An upcoming commit will make UnlockReleaseBuffer() considerably faster and
more scalable than doing LockBuffer(BUFFER_LOCK_UNLOCK); ReleaseBuffer();. But
it's a small performance benefit even as-is.

Most of the callsites changed in this patch are not performance sensitive,
however some, like the nbtree ones, are in critical paths.
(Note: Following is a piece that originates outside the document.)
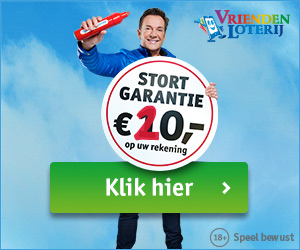 Prijzen winnen en direct €20.- ontvangen en de eerste maand gratis meespelen.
This patch changes all the easily convertible places over to
UnlockReleaseBuffer() mainly because I needed to check all of them anyway, and
reducing cases where the operations are done separately makes the checking
easier.

Discussion: https://postgr.es/m/
---
 src/backend/access/heap/heapam.c          |  6 ++--
 src/backend/access/heap/hio.c             |  7 +++--
 src/backend/access/nbtree/nbtpage.c       | 36 +++++++++++++++++++----
 src/backend/storage/buffer/bufmgr.c       |  3 +-
 src/backend/storage/freespace/freespace.c |  3 +-
 contrib/amcheck/verify_gin.c              |  6 ++--
 contrib/pageinspect/rawpage.c             |  3 +-
 contrib/pgstattuple/pgstatindex.c         |  3 +-
 src/test/modules/test_aio/test_aio.c      |  7 ++---
 9 files changed, 44 insertions(+), 30 deletions(-)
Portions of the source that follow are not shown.